When love and strength are wed,
The grace of the gods is man's reward. [4]

Can you hear the Choral Fantasy with the 9th Symphony in your mind? Can you hear the similarities – simple, even similar themes, which undergo creative variations, uplifting words sung by soloists, and the full chorus, with the interplay of instrumental soloists, and the full orchestra?

We go back in time once more.

Time node D: Fidelio

Recall the following, from an article in Fidelio magazine:

“Beethoven’s only opera, Fidelio [first performed in 1805], is the story about how Leonora, a loving and brave wife, disguised as the young man Fidelio, saves her husband, Florestan, the political prisoner of a tyrant. The original play was based on the real-life story about how the American Revolution hero, the Marquis de Lafayette of France, was saved by his wife, Adrienne.[5]

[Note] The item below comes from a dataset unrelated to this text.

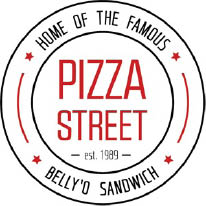 pizza street in loveland logo
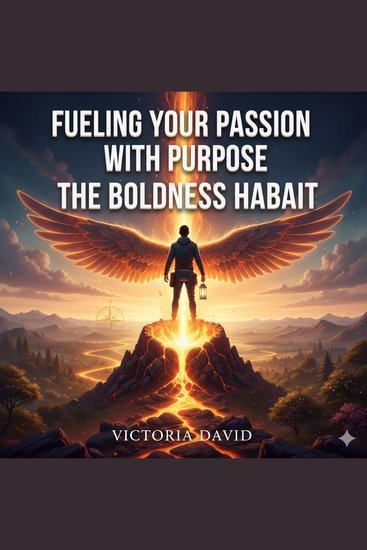 Fueling Your Passion With Purpose - The Boldness Habit - cover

“At the end, a chorus of prisoners and townspeople unite to sing “Wer ein holdes Weib errungen, stimm in unserm Jubel ein” (“Who e'er a lovely wife has won, chime in with our jubilation!”) The audience of the time would have recalled the nearly identical words of the second stanza of Schiller's ode, “Wer ein holdes Weib errungen, mische seinen Jubel ein!”

“The musical theme comes from the last line of the most popular version of “An die Freude,” The Ode to Joy, up until then. This chorus in Fidelio can therefore be considered the first major attempt by Beethoven to set “An die Freude,” which is highly appropriate, since the whole opera is a tribute to Schiller's ideals.” [6]

Go back in time again, stopping at age 24.

Time node C: Seufzer eines Ungeliebte und Gegenliebe

Listen to a performance of these two love songs, united into one -- an ironical song in which Beethoven set two related poems about unrequited love by Bürger. Here is a recording with Dietrich Fischer-Dieskau singing: http://www.youtube.com/watch?v=j68JIwWcyJQ , and here is a performance by Feride Istogu Gillesberg and this author at an International Schiller Institute conference in Rüsselsheim, Germany, on July 3, 2011: http://www.youtube.com/watch?v=ozEm_snj9BM ]

Can you hear the third section of the song with the Choral Fantasy in your mind? In fact, knowing the Choral Fantasy first, you cannot help but having that in your mind, as you peer backwards in time to the song. Can you hear both with the 9th Symphony in your mind? These ironical juxtapositions, referring backwards and forwards in time, change the past. We hear the compositions of the past with the compositions of the future in our mind, creating a delicious sense of musical development, not only within a single piece, but through revolutionary leaps from one musical idea to the next. A red thread of anti-entropic development of musical ideas and musical forms, and philosophical/poetical ideas, create a oneness out of the development of Beethoven’s creative mind.